This morning I phoned the mining operation and enquired about where I might be able to obtain a sample or even a 20 kg. bag with which to experiment. I am waiting for a reply from a local distributor and sent an enquiry to the weaving guild in order to find out if anyone has ever used this chemical?
This post tells about my first dyeing of llama fibre using Lonicera caerulea (haskap) berries. The llama fibre is unwashed white from one of my own llamas, and the berries are from the Tundra selection of University of Saskatchewan haskap grown in my own orchard.
I set up this test using two sets of four samples:
1 – The first sample remained dry and undyed as a comparison.
2 – The second sample was dyed, but was not soaked or mordanted beforehand.
3 – The third sample was prepared by water soak preparation only.
4 – The fourth sample was prepared using a traditional salt mordant (NaCl).
Two samples were prepared from each. This will allow a comparison from each treatment before and after they dry and one is subsequently washed after several days in order to determine colour-fastness of this berry’s properties.
This procedure allowed me to compare later on as a base-line comparison of the simplest sort.

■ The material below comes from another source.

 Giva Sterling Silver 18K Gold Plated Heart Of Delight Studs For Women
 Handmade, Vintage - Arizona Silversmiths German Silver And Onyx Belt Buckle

Haskap is a newly cultivated berry that found its way to North America in the 1990’s and is now being intensively bred and selected for at the University of Saskatchewan. Haskap is the name applied to a superior selection of genotypes of Lonicera caerulea. These plants are commonly known as edible blue honeysuckles, and also have been marketed using the name of Honeyberries. Their berries come from flowers that can withstand a -7C freeze and still produce fruit, and the plant is still viable after winter temperatures drop below -40C. It is truly a northern plant and modern plant origins can be traced to Siberia, the Kamchakta peninsula, and the northern island of Japan. The berry’s meat itself is coloured a deep, rich burgundy; it stains anything with which it comes into contact a bluish-purple. The stain can be removed by citric acid. Otherwise it is very difficult to remove. I can find no reference to its use as a cloth dye using a simple internet search. We currently have almost 3,000 plants in our orchard, parts of which are just now coming into full production.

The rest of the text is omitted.